● **PROBLEM TO WORK ON**
For every line in the records below that holds "Apartamento", make a copy.

── RECORDS SHOWN ──

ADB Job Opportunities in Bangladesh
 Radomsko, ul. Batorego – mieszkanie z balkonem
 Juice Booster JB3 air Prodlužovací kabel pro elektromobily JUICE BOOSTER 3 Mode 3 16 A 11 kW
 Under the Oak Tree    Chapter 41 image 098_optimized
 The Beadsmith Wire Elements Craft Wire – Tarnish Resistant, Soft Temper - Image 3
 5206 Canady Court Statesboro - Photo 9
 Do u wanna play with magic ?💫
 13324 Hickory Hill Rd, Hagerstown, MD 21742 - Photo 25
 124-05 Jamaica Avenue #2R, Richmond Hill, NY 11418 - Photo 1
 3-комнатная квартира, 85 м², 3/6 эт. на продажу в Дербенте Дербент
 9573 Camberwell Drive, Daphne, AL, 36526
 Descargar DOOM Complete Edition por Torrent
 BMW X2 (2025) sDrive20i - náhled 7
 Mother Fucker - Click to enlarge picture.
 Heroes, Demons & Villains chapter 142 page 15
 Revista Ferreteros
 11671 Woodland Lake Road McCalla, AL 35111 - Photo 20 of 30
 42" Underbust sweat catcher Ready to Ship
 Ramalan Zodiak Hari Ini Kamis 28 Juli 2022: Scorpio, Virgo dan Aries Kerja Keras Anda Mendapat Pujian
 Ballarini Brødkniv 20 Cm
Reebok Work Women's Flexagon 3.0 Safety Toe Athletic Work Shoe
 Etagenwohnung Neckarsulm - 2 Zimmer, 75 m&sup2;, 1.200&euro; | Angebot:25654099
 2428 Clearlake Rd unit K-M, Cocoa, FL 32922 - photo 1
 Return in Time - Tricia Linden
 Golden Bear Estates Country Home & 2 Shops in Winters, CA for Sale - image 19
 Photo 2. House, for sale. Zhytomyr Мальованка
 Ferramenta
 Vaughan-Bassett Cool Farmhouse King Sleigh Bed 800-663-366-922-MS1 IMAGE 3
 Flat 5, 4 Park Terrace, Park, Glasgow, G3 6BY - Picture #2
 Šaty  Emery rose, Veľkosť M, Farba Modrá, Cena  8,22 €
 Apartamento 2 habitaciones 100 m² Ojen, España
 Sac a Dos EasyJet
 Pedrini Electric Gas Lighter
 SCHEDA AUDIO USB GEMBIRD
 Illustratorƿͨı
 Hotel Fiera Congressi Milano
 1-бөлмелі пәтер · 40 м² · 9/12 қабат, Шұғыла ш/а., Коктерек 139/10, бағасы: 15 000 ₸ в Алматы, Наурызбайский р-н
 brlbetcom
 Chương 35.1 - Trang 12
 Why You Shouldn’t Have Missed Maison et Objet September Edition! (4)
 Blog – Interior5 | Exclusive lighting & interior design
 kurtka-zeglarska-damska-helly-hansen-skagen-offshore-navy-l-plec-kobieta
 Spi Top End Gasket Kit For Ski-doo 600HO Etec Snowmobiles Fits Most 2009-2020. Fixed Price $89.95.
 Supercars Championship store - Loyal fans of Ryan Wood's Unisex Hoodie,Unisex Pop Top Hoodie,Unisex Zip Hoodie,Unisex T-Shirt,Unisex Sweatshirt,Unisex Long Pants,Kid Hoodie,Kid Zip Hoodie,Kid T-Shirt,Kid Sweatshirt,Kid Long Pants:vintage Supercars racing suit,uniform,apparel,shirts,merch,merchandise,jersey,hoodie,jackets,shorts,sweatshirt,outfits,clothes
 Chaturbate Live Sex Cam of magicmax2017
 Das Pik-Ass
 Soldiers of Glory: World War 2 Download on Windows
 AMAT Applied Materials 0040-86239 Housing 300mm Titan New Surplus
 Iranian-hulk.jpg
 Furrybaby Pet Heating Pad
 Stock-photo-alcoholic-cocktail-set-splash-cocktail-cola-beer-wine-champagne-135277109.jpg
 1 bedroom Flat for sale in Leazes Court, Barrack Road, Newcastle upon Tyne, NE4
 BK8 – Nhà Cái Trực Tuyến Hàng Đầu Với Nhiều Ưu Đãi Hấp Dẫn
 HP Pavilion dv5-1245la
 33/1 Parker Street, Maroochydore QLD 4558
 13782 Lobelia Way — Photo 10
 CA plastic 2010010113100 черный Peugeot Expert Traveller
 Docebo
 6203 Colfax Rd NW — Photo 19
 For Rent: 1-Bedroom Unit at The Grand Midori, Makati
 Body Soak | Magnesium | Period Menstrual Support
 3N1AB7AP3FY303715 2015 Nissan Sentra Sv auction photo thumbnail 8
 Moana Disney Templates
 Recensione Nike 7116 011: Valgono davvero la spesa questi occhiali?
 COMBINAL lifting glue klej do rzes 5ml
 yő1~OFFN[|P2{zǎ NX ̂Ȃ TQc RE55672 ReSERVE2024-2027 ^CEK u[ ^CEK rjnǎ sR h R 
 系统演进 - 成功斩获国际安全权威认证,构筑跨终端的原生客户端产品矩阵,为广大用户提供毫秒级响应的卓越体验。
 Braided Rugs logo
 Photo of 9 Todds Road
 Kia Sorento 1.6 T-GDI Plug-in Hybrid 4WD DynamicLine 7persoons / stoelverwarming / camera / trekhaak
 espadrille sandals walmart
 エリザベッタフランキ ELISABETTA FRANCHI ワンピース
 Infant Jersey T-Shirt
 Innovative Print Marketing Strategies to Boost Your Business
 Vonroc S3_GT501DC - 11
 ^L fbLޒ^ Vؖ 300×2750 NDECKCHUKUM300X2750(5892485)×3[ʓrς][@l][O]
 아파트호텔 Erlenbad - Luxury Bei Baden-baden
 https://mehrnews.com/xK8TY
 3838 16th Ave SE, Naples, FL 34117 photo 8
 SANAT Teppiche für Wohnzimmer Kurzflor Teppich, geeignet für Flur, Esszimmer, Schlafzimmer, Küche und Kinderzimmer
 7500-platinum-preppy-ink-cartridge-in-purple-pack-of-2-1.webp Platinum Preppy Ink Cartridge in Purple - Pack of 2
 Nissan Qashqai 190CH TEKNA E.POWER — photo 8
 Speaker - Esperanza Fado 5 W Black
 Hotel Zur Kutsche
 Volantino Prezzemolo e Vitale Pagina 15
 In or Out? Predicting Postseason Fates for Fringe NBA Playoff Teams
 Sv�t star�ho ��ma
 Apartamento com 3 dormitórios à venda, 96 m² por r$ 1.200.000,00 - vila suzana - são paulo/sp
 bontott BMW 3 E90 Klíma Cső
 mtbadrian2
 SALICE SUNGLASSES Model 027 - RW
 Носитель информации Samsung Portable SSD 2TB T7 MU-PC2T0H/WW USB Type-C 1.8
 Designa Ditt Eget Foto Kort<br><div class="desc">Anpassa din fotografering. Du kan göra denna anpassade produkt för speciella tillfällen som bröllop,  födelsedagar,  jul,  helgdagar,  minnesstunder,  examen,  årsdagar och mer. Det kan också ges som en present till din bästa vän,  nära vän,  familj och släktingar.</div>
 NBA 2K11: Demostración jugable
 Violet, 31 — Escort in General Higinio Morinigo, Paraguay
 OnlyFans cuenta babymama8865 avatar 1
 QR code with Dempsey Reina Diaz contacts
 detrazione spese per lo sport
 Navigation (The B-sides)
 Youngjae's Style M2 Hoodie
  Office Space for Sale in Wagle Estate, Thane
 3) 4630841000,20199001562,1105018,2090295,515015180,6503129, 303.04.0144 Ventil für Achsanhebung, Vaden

───

● **TASK ANSWER**
 Apartamento 2 habitaciones 100 m² Ojen, España
 Apartamento com 3 dormitórios à venda, 96 m² por r$ 1.200.000,00 - vila suzana - são paulo/sp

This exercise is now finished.